Arif Lalani, Canada's ambassador to Afghanistan, told CTV's Question Period on Sunday that he was also confident that NATO would come through for Canada.
As to who would supply them, "I think those discussions are ongoing," he said.
Parliament passed a motion on Thursday extending the Afghan mission to December 2011, but made it contingent on receiving more troops and some additional equipment from its NATO allies.
Canada wants some unmanned aerial drones and medium-lift helicopters.
Lalani said Canadian military and civilian personnel in Afghanistan saw the motion as a vote of confidence in their work.
The motion sets an end date for Canada, which Lalani said sets out a "clear Canadian position all of our allies and the Afghan government."
The motion also called for Canada's role to evolve, with more emphasis on training Afghan soldiers and reconstruction efforts.
A long mission
Some military experts think the Kandahar mission needs another 10,000 troops, let alone 1,000.
"More troops would be better," Lalani said. "We're also getting more troops, in a sense, because we're training the Afghan army."
Lalani claimed that more ground is being held in Kandahar and that development work is proceeding.
He couldn't give an estimate of when Afghans would be ready to take care of their own security and governance, only saying, "The time is shorter and shorter with each day."
Over the next year, there will be more tangible evidence of "Afghanization," he said.
MacKay told the German Marshall Fund of the United States conference, which debates trans-Atlantic security issues, that one shouldn't be too quick to talk about a NATO exit strategy from the Afghan mission.
"This type of insurgency is a long and abiding challenge. This is going to take a consistent, long-term effort," MacKay said.
Canadian forces are operating in one of the most violent parts of Afghanistan. Eighty Canadian soldiers have died since 2002, along with one diplomat and a civilian aid worker.
At the conference, NATO Secretary General Jaap de Hoop Scheffer told the audience that the alliance's strategic thinking should also encompass climate change and energy security.

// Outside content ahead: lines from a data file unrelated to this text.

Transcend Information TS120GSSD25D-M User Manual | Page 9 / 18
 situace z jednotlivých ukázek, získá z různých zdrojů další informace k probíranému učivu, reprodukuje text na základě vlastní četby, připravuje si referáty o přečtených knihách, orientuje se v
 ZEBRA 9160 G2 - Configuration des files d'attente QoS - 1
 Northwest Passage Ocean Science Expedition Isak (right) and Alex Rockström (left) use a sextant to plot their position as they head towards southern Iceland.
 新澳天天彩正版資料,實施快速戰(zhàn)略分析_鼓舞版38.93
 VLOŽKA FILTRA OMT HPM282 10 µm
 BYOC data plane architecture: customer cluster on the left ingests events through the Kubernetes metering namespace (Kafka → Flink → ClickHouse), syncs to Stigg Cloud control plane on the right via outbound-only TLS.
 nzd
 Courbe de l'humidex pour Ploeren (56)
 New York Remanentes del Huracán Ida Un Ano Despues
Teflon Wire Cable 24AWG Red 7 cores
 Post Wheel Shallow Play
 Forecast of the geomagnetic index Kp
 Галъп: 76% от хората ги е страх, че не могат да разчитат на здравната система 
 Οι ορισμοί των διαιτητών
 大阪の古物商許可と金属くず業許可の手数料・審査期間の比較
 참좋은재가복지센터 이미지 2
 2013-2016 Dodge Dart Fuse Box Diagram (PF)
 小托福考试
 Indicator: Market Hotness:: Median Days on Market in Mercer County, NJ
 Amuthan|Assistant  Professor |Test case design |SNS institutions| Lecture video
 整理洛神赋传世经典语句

"Climate change will put many of our key resources like food, water and land under considerable stress. The global competition for energy and natural resources will redefine the relationship between security and economics," he said.
"Our growing reliance on information technology will make our societies more vulnerable to electronic warfare," de Hoop Scheffer said.
"At the same time, collective defence, NATO's core function, will and must remain a precious commodity."